Task prompt:
The answer must restate the listing word for word, without its images.

Information supplied:
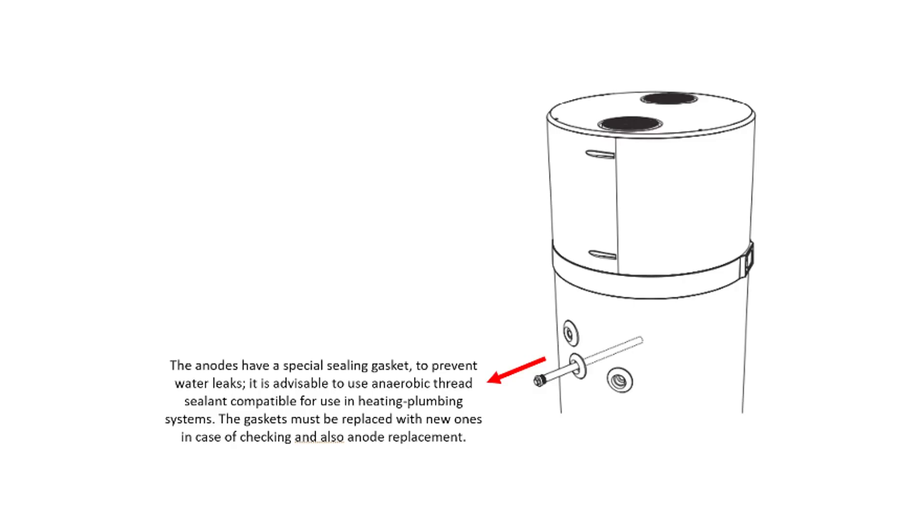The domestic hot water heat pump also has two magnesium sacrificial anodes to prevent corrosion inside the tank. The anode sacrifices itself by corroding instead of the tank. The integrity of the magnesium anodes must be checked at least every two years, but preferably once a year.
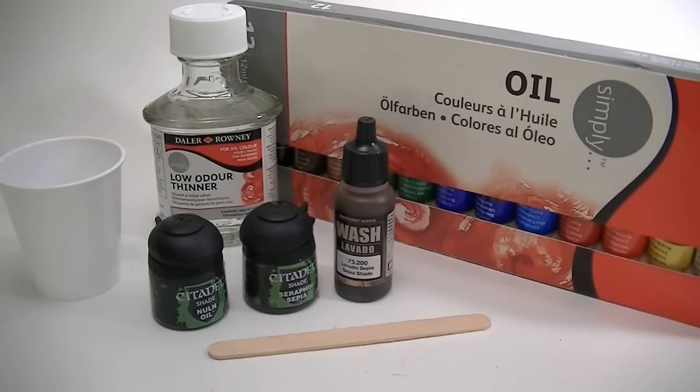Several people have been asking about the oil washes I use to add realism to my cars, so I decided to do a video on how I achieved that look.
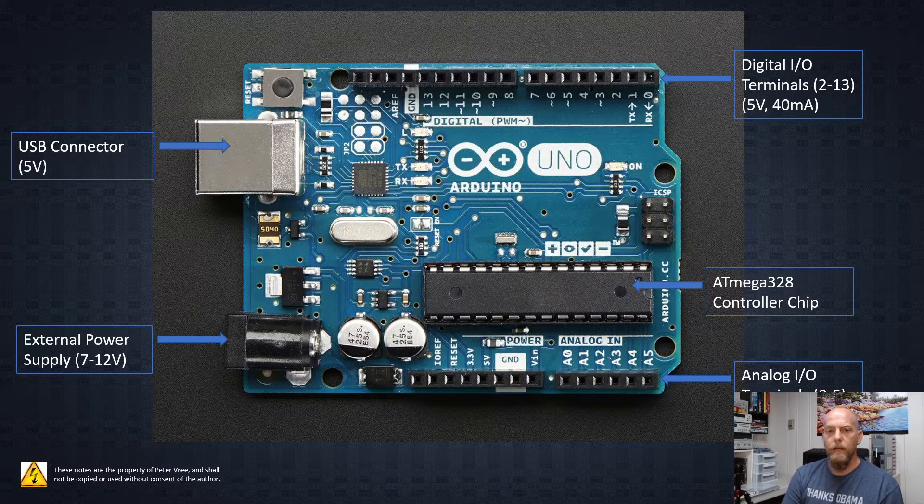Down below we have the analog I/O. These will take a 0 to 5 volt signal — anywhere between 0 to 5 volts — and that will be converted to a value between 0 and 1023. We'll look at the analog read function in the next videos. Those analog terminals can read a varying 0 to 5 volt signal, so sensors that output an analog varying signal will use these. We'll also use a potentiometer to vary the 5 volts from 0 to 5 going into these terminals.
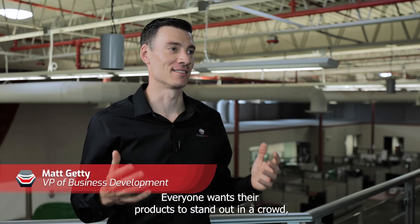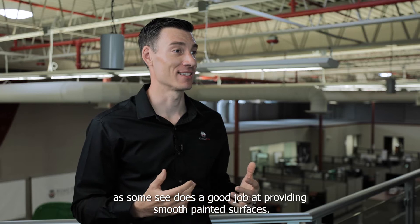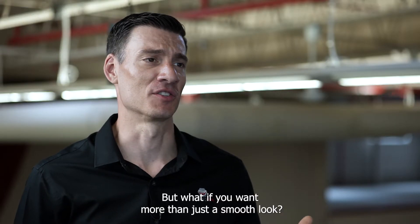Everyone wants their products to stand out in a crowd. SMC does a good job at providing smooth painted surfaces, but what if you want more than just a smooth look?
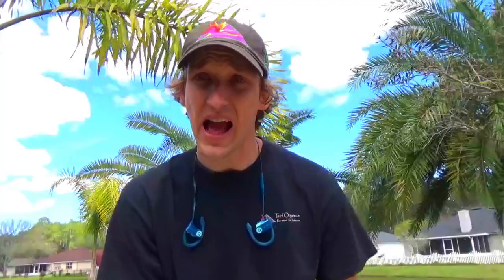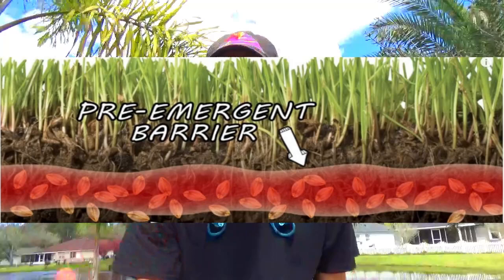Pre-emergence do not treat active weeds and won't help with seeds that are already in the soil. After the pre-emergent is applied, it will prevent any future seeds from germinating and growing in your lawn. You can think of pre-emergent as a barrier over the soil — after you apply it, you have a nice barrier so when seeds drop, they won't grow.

Finished exercise:
The domestic hot water heat pump also has two magnesium sacrificial anodes to prevent corrosion inside the tank. The anode sacrifices itself by corroding instead of the tank. The integrity of the magnesium anodes must be checked at least every two years, but preferably once a year.
Several people have been asking about the oil washes I use to add realism to my cars, so I decided to do a video on how I achieved that look.
Down below we have the analog I/O. These will take a 0 to 5 volt signal — anywhere between 0 to 5 volts — and that will be converted to a value between 0 and 1023. We'll look at the analog read function in the next videos. Those analog terminals can read a varying 0 to 5 volt signal, so sensors that output an analog varying signal will use these. We'll also use a potentiometer to vary the 5 volts from 0 to 5 going into these terminals.
Everyone wants their products to stand out in a crowd. SMC does a good job at providing smooth painted surfaces, but what if you want more than just a smooth look?
Pre-emergence do not treat active weeds and won't help with seeds that are already in the soil. After the pre-emergent is applied, it will prevent any future seeds from germinating and growing in your lawn. You can think of pre-emergent as a barrier over the soil — after you apply it, you have a nice barrier so when seeds drop, they won't grow.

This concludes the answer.